The three-night festival showcases premiere Canadian artists alongside renowned companies from all over the world, including the likes of the iconic U.S. company Alvin Ailey American Dance Theater. But the news gets better than that: All tickets are $10. It means that people who are frequently deterred by the cost of going to the ballet can see some of the country's best companies – and internationally celebrated choreographers such as Christopher Wheeldon and Ohad Naharin – for less than the cost of going to a movie.
"Toronto lags behind as an international dance town," says Istanbul-born FFDNorth artistic director Ilter Ibrahimof, who worked as a curator at Fall for Dance New York for several years. He loved the impact the festival had on that community, bringing a range of international companies and dance genres to audiences who typically stayed away from dance. After moving to Montreal, he approached Sony Centre's programming CEO Mark Hammond with the idea of a Canadian offshoot. "Fall for Dance is like a high-quality sampling menu. It lets people see a range of genres and figure out what they like, what they're interested in seeing more of."

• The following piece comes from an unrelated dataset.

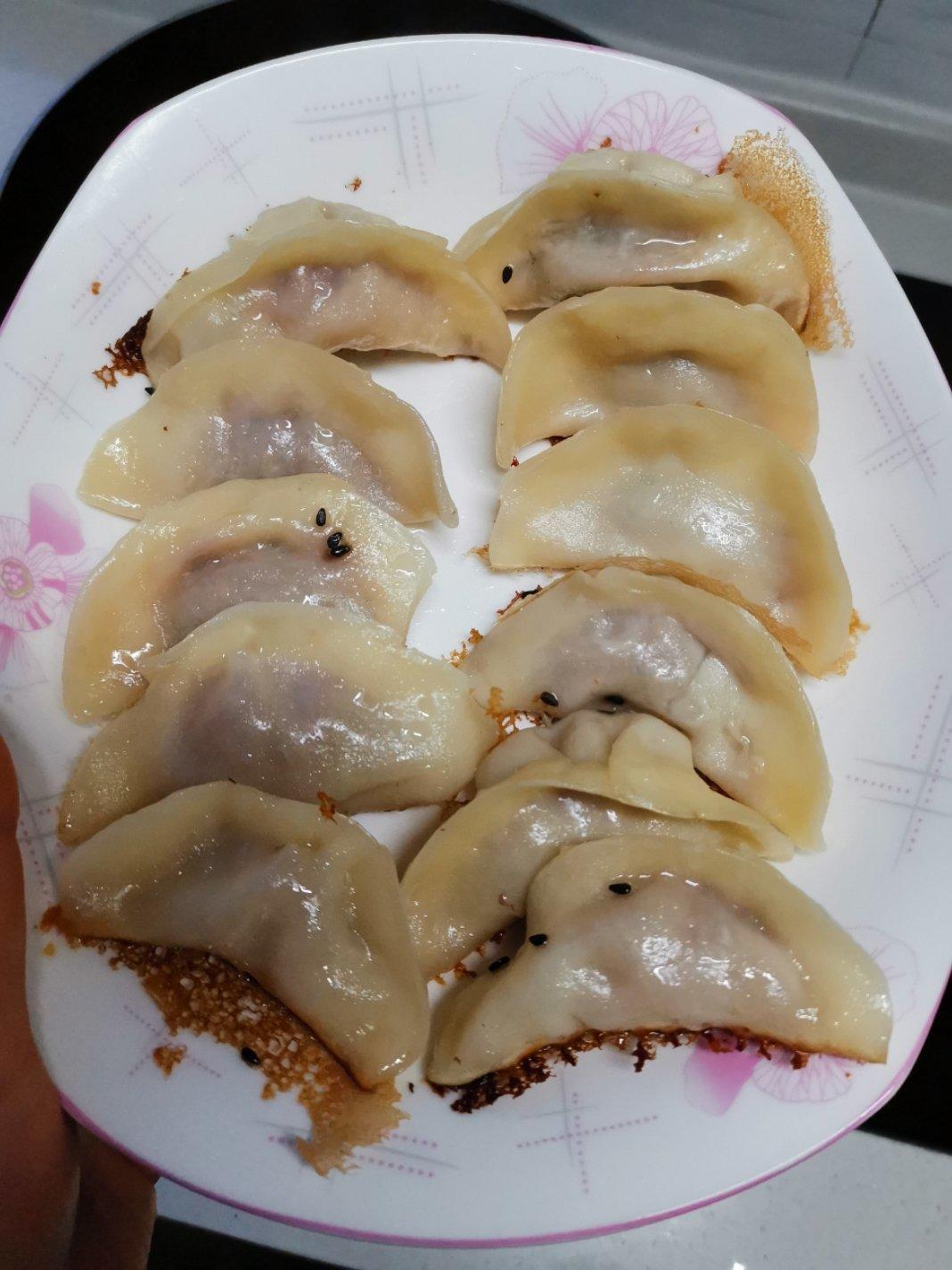 快手煎饺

The festival is composed of two different programs and features an array of form and style. On the Canadian front, we get the Toronto Dance Theatre performing Christopher House's classic Vena Cava; a piece by Cayetano Soto from Ballet BC (for which the company just received rave reviews at Jacob's Pillow Dance Festival in Massachusetts); and repertoire from Esmeralda Enrique Spanish Dance Company. The National Ballet of Canada, which performed at the New York festival in 2008, also jumped at the chance to get involved. Principal dancers Evan McKie and Kathryn Hosier will be performing a duet by the company's rising choreographic associate (and fellow principal dancer) Guillaume Côté. International companies include the Atlanta Ballet; DanceBrazil; a renowned classical Odissi company from outside Bangalore, India, called Nrityagram; and a critically lauded tap company from New York called Dorrance Dance. The Alvin Ailey American Dance Theater will perform in both programs.
On top of that, Fall for Dance North has commissioned two original works. In addition to the Baker/Neufeld collaboration, there's an exciting all-Canadian, First Nations hoop dance, curated and directed by Santee Smith, artistic director of Kahawi Dance Theatre.
"This is my first commission in 15 years," Baker says, explaining that the opportunity to work with Neufeld essentially pulled her out of retirement as a performer. "I wanted to work with a younger woman – a new artist from a different generation."
Baker likes the way the image of two women occupying opposite ends of the stage suggests something temporal – the trajectory of an artistic career. She adds that live violin accompaniment offers the opportunity for a certain onstage rapport and interaction that you can't get with a cellist or pianist. And Baker relishes the choreographic challenge of Neufeld's textured musicality. For Neufeld, collaborating with a dancer feels natural, inevitable even. "My music is just so physical to begin with," she says.
In Ibrahimof's mind, this year's Fall for Dance North is only the beginning of what he thinks the festival can do. In future years, he's hoping to commission longer pieces and to add a second stage, allowing for more intimate performances. "Toronto is a great place for Fall for Dance because of its extreme diversity, its openness. In a way, it's almost better-suited to this festival than New York."
Fall for Dance North runs at Toronto's Sony Centre from Sept. 29 to Oct. 1. For more information: ffdnorth.com.
Editor's note: An earlier online version of this story misspelled Ohad Naharin's name. Also, instead of Greta Hodgkinson, Kathryn Hosier will dance in NoBC's piece.